### Task brief
Pull every line containing "caricaturer" out of the material below.

*** Material to process ***

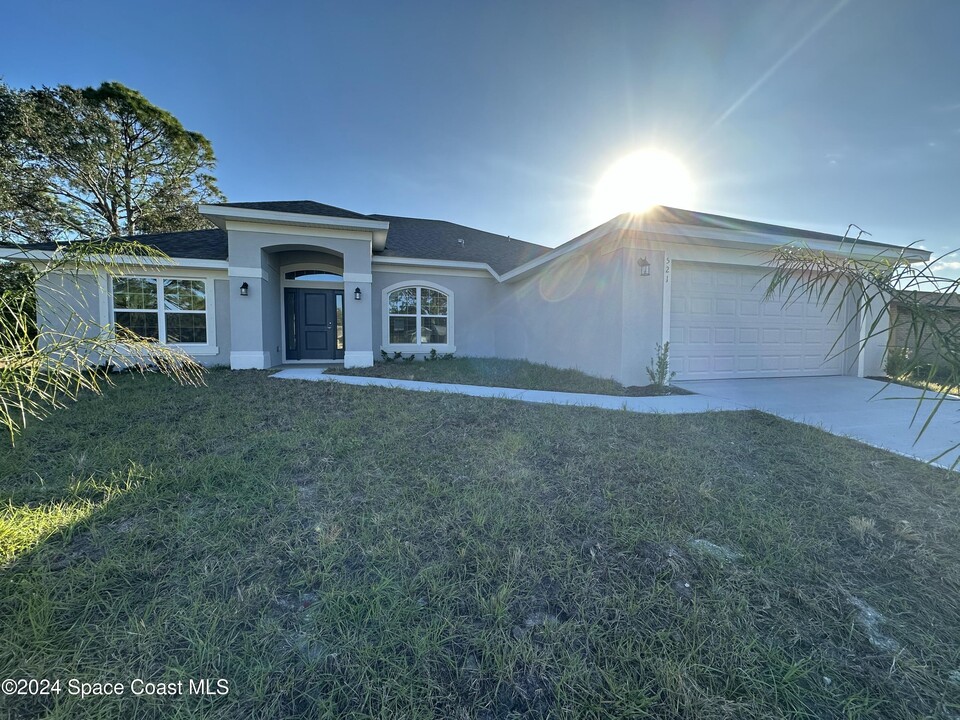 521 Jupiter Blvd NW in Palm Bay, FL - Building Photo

*** End of Material to process ***
*** Material to process ***

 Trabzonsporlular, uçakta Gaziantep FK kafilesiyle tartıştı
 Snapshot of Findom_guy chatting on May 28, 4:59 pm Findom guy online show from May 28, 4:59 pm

*** End of Material to process ***
*** Material to process ***

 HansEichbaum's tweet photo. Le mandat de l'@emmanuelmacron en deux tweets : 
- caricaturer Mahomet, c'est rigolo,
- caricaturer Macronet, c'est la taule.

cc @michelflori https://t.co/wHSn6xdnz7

*** End of Material to process ***

### Result for this task
- caricaturer Mahomet, c'est rigolo,
- caricaturer Macronet, c'est la taule.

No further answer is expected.